Na Straży
nr 2014/5

O Jerozolimie w historii i proroctwach (cz. 1)

Miasto inne niż wszystkie

„Jeśli zapomnę cię, Jeruzalem (…)” – Psalm 137:5.

W dzisiejszej lekcji biblijnej zwrócimy się do Jerozolimy, o której tak często myślimy, a tak mało mówimy. Myślimy zawsze, o czymkolwiek mówimy z Biblii. Wtedy bowiem zawsze w tle naszego mówienia, w tle naszej świadomości istnieje to miasto, od pradawna nieodłączny element historii biblijnej, proroctw i nadziei wierzącego ludu.

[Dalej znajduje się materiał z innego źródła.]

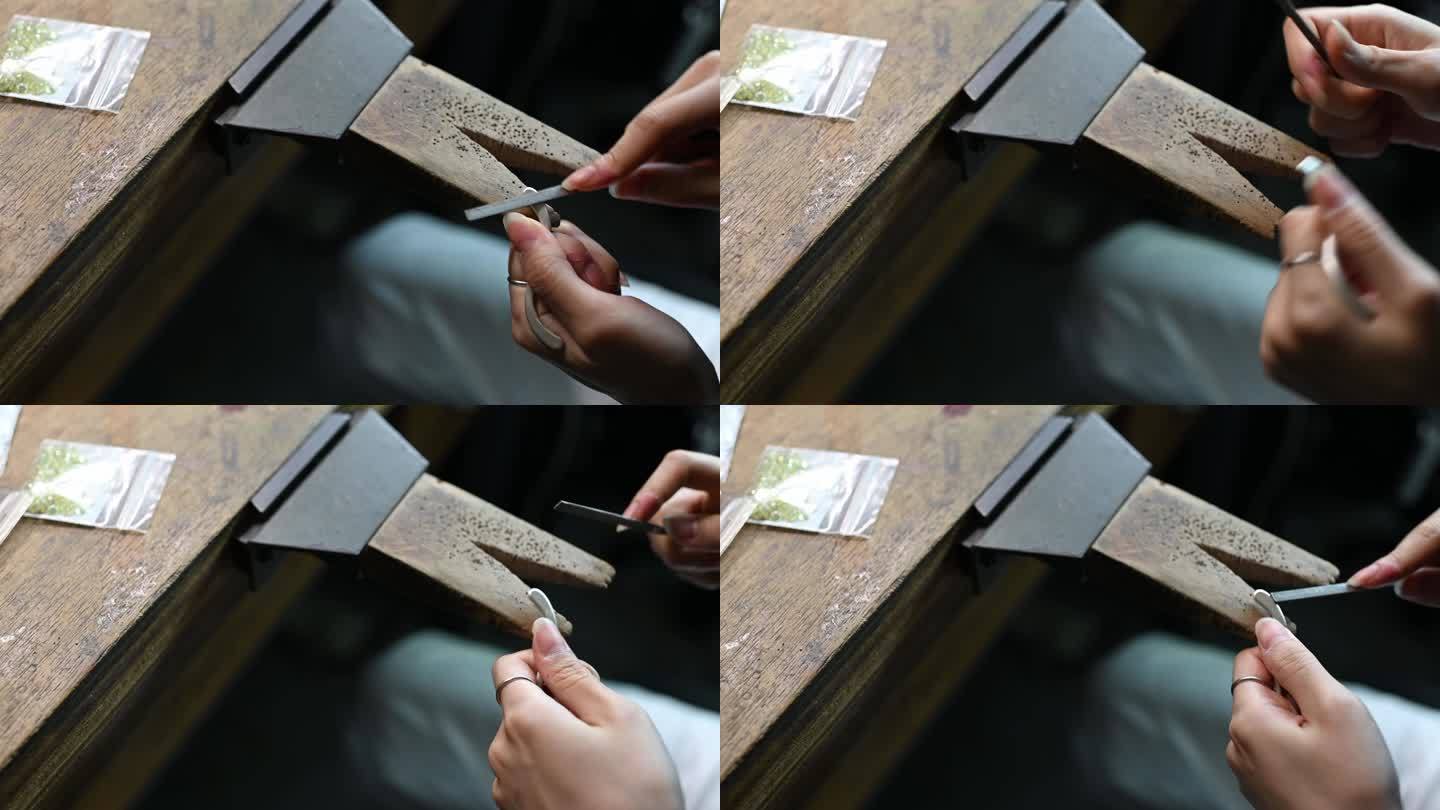 亚洲韩国女学生在大学工作台上使用手锯的手的高角度视图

W Psalmie 122:1-3 (NP) czytamy słowa: „Uradowałem się, gdy mi powiedziano: Do domu Pana pójdziemy! Stanęły stopy nasze w bramach twych, o Jeruzalem! Jeruzalem! Zbudowane jak miasto, całe w jedno zespolone, do którego pielgrzymują plemiona, plemiona Pana, według prawa Izraela, by tam wysławiać imię Pana!”.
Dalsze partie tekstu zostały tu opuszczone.